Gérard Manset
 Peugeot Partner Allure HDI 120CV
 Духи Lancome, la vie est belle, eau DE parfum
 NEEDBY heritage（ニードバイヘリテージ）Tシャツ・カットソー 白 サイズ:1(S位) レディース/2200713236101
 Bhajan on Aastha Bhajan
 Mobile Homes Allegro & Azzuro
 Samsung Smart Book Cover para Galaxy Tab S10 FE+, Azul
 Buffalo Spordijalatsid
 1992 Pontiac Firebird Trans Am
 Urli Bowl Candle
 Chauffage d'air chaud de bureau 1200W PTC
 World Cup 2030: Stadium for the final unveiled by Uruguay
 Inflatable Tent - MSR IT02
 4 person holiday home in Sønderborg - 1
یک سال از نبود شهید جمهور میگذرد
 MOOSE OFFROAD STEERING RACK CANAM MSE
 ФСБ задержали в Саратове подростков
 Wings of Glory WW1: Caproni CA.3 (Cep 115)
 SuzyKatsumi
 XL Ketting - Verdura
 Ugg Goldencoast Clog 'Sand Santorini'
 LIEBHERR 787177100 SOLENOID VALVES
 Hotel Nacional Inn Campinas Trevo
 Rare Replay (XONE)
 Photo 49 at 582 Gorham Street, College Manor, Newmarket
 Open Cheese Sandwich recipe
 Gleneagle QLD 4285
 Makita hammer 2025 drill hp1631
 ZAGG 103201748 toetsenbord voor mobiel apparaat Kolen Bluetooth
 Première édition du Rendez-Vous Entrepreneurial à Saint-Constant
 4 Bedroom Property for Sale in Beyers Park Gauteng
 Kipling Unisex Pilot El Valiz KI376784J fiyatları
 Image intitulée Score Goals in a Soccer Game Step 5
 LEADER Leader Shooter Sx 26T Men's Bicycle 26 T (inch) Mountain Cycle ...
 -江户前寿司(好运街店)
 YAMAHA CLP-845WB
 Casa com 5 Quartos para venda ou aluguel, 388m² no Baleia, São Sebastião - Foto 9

....

In the material above, transcribe exactly the lines beginning at the one with "یک سال از نبود شهید جمهور میگذرد" and ending at the one with "Image intitulée Score", both included.

• [Problem solution]
یک سال از نبود شهید جمهور میگذرد
 MOOSE OFFROAD STEERING RACK CANAM MSE
 ФСБ задержали в Саратове подростков
 Wings of Glory WW1: Caproni CA.3 (Cep 115)
 SuzyKatsumi
 XL Ketting - Verdura
 Ugg Goldencoast Clog 'Sand Santorini'
 LIEBHERR 787177100 SOLENOID VALVES
 Hotel Nacional Inn Campinas Trevo
 Rare Replay (XONE)
 Photo 49 at 582 Gorham Street, College Manor, Newmarket
 Open Cheese Sandwich recipe
 Gleneagle QLD 4285
 Makita hammer 2025 drill hp1631
 ZAGG 103201748 toetsenbord voor mobiel apparaat Kolen Bluetooth
 Première édition du Rendez-Vous Entrepreneurial à Saint-Constant
 4 Bedroom Property for Sale in Beyers Park Gauteng
 Kipling Unisex Pilot El Valiz KI376784J fiyatları
 Image intitulée Score Goals in a Soccer Game Step 5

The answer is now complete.